Beneficial insects, mites and nematodes are naturally occurring macro-organisms harnessed to control specific plant pests. They are commonly called ‘natural enemies’, biocontrol agents or macrobials.
- Beneficial insects are a group that includes parasitoids, which lay eggs on, or inside, pests – resulting in host death. Also, predatory bugs that feed directly on one, or more, pests. While generalists feed on several different species or pests, others exhibit specialist behaviour.
- Beneficial mites are tiny predatory mites that directly feed on plant pests.
- Beneficial nematodes, also called entomopathogenic nematodes, are a group of soil-dwelling microscopic worms that parasitise and control specific insect pests.
Challenges to overcome
Beneficial insects, mites and nematodes need pests to complete their development. As in nature, this acts as a stabilising mechanism which means the biocontrol agent needs the appropriate pest, or feed supplement, to establish in the crop.

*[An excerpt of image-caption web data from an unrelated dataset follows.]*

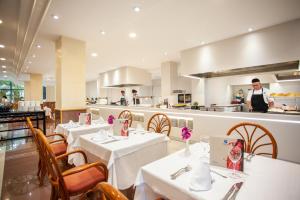 En restaurant eller et spisested på Grupotel Taurus Park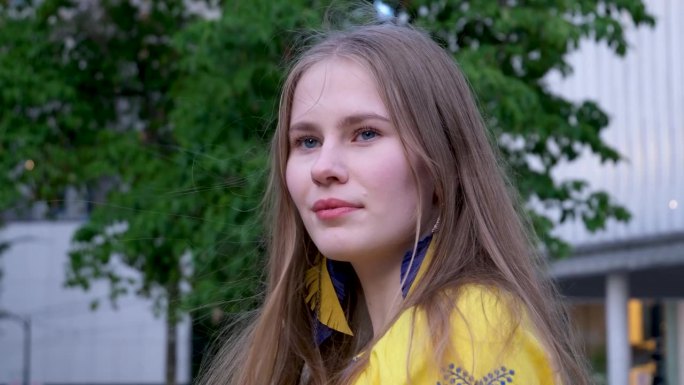 横幅上年轻的年轻女子女孩金发穿黄衬衫在黑暗的墙壁上的文字纯洁的青春美丽的广告真实的人在现实生活中快乐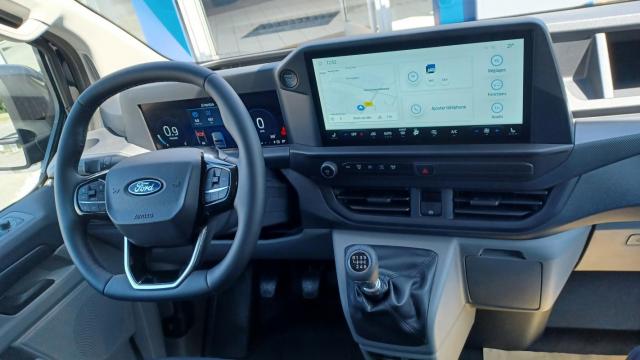 Ford Transit Custom image 8
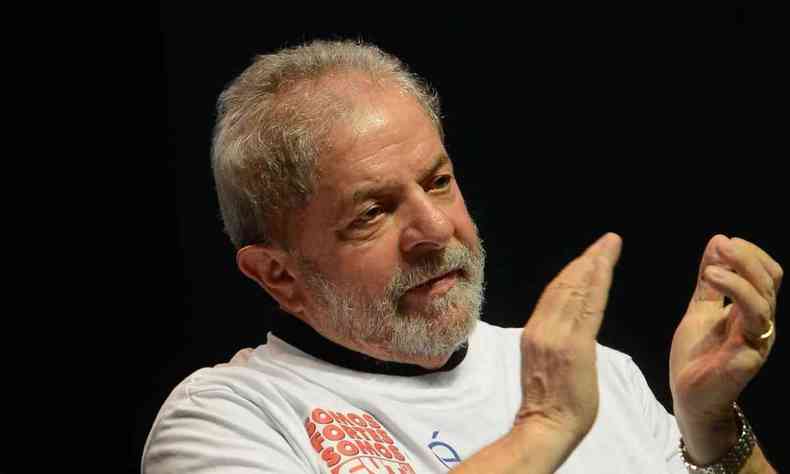 Lula se reuniu nesta sexta-feira (10/3) com ministros no Palcio do Planalto para receber informaes das pastas sobre obras pblicas que podem ser retomadas na rea da infraestrutura pelo pas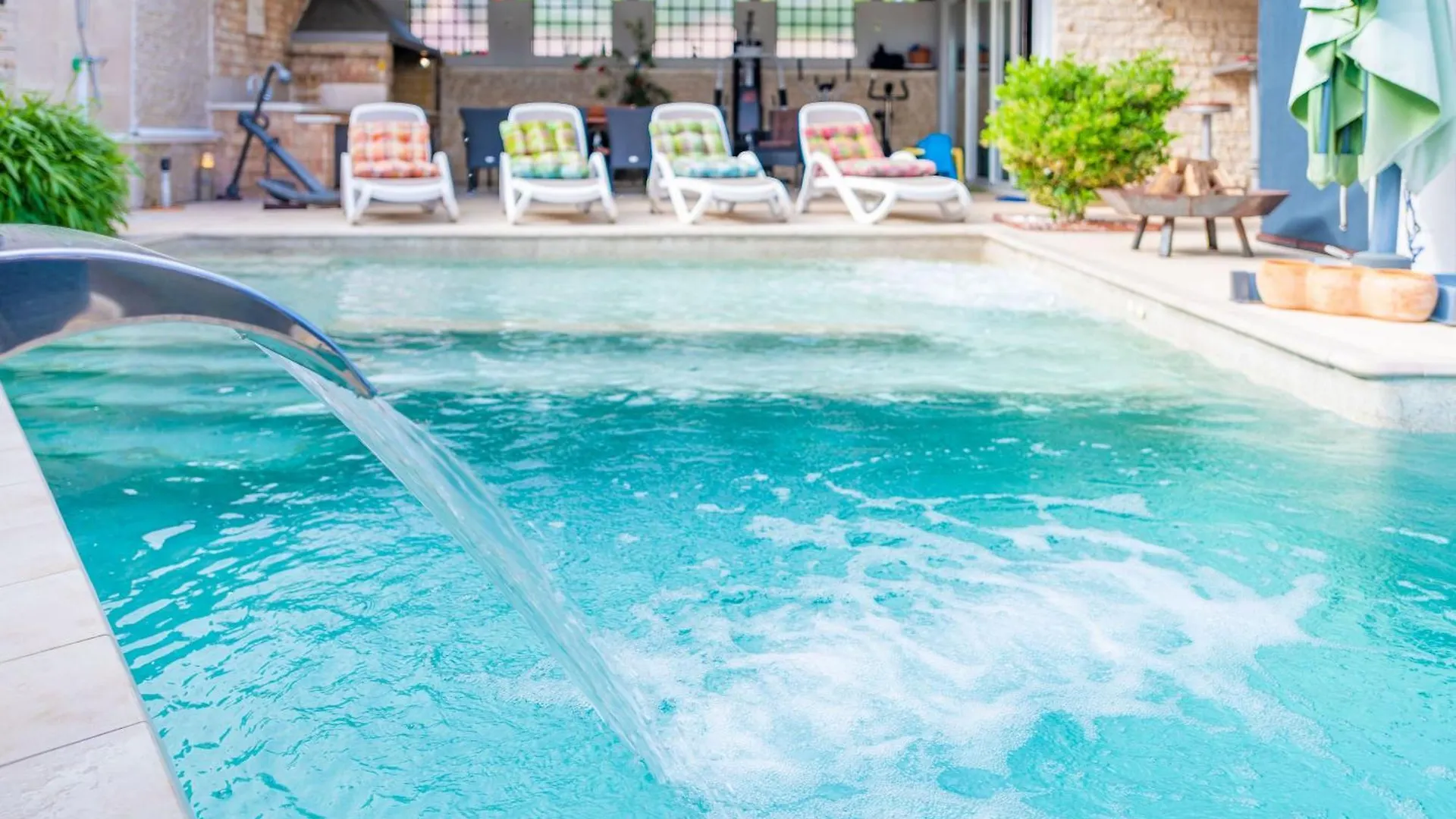 Villa Balu, A Charming Apartment With Pool Near Pula Vinkuran
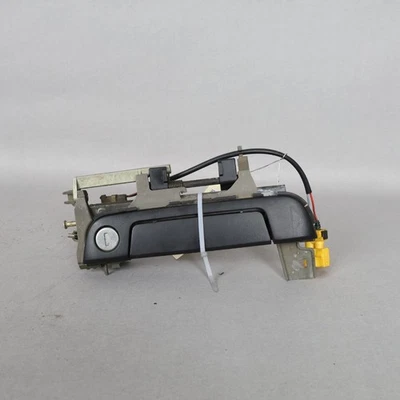 1996-2002 BMW Z3 maçaneta externa direita 51218401624 OEM usada - Imagem 1 de 4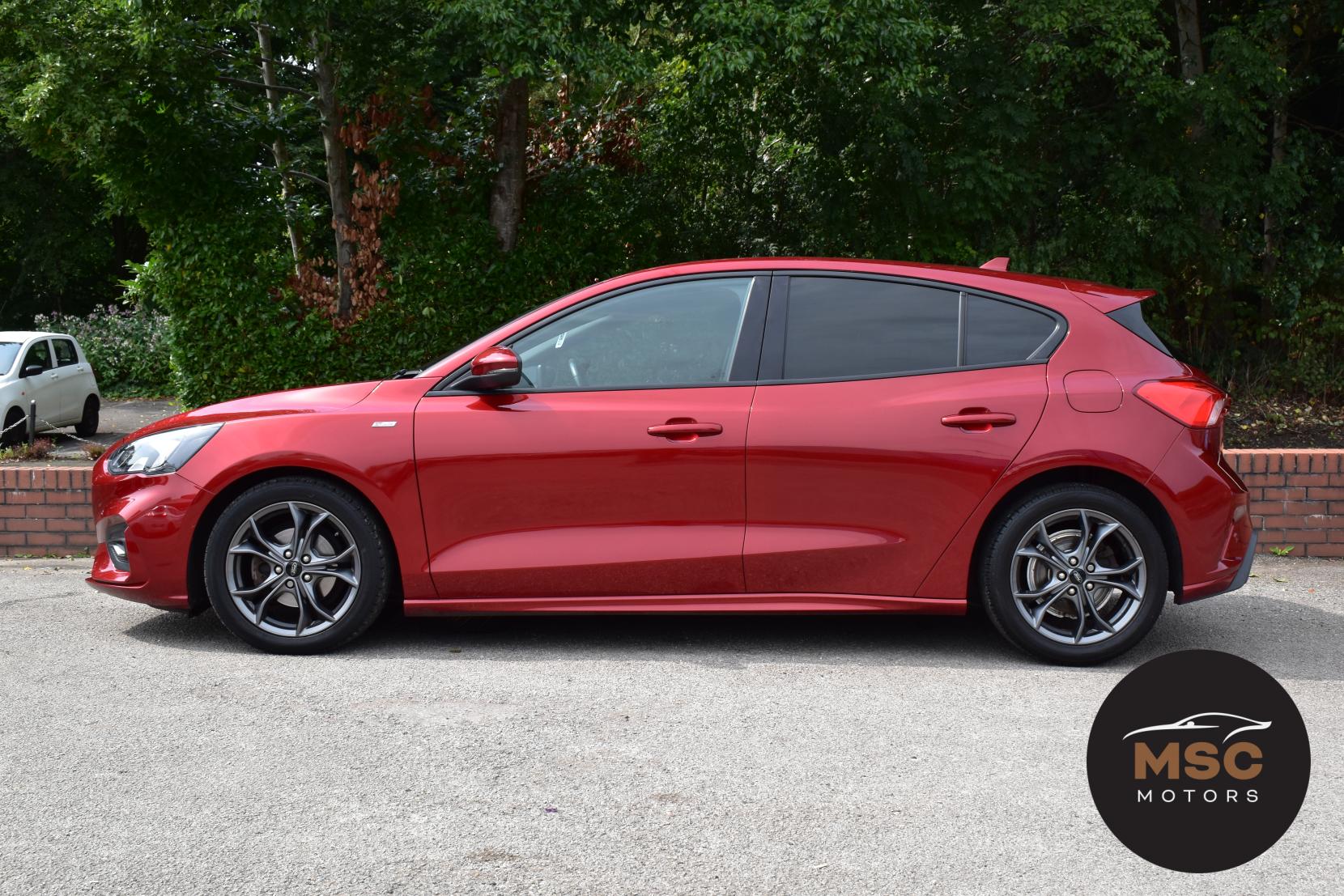 Ford Focus 1.0T EcoBoost ST-Line Hatchback 5dr Petrol Manual Euro 6 (s/s) (125 ps)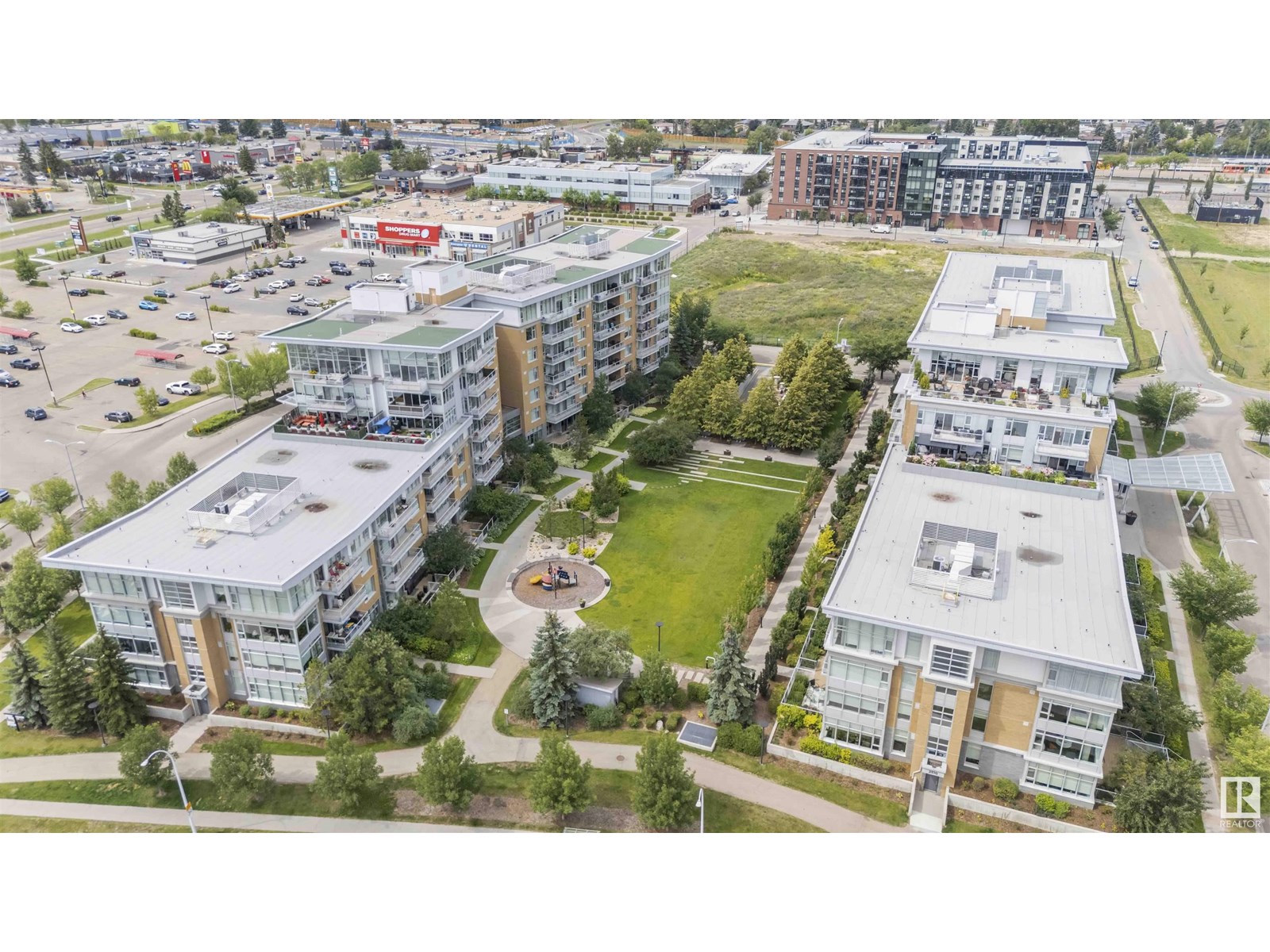 Photo 10 of 108 2504 109 St Nw, Edmonton AB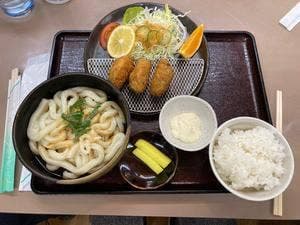 ファミリーレストラン すみれ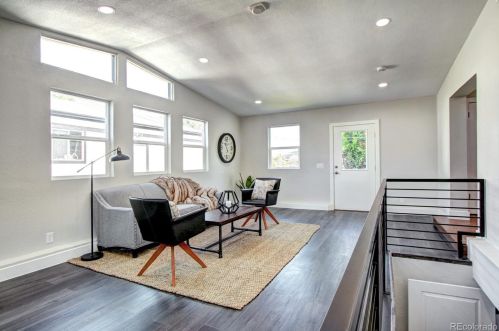 2811 Cook St, Denver CO  80205-5012 exterior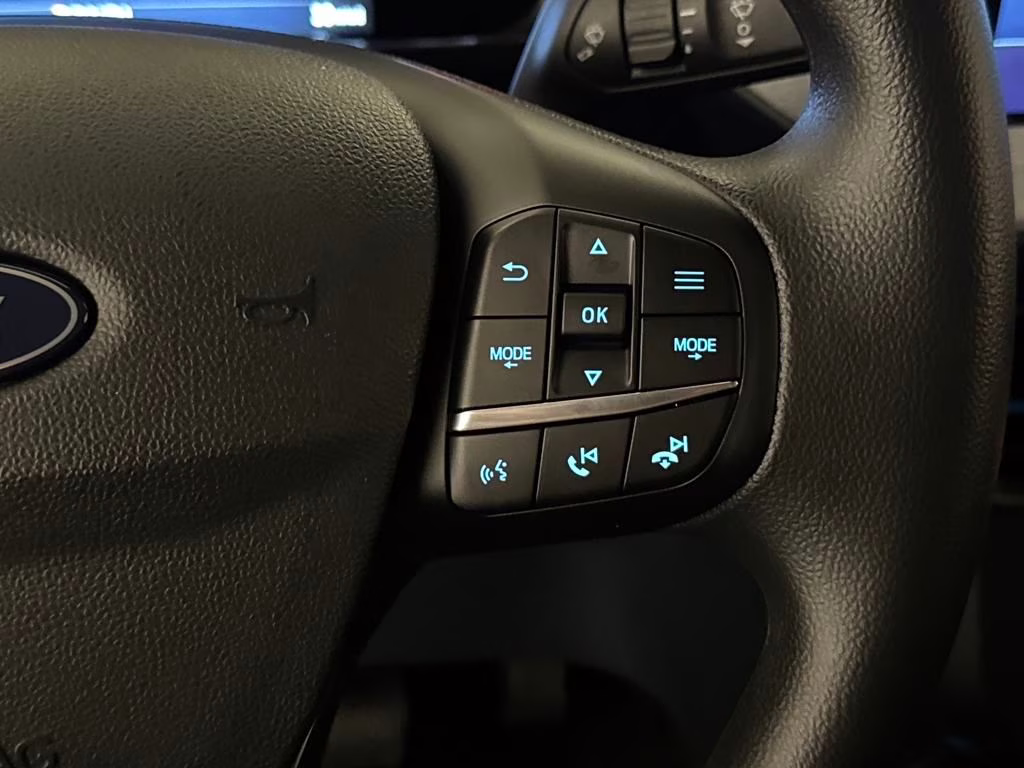 2025 Shadow Black Ford Maverick XLT FWD Truck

For a long-term control strategy, the macrobial needs to keep the pest population in check, ie below the economic damage threshold but not eliminate it from the crop.
Correct timing and appropriate release of beneficials are crucial to success.
Macrobials are eco-friendly and are not harmful to the environment, animals or humans.
By creating a self-sustaining system, with a low level of pest and an established population of beneficials, chemicals are only used as a last resort – minimising/eliminating chemical residues.
Biocontrols are helping to manage resistance build in the diminishing range of available chemical crop protection products.
When to use macrobials
Used preventively, growers install a ‘standing army’ of natural enemies in the crop. Ready to take on a newly emerging pest threat, this reduces the risk of the pest reaching problematic (crop damaging) densities. These macrobial standing armies can be maintained with re-introductions or by introducing a supplementary food source.
If pest pressure suddenly increases, macrobials can be used curatively. These IPM strategies generally centre on higher macrobial introduction rates.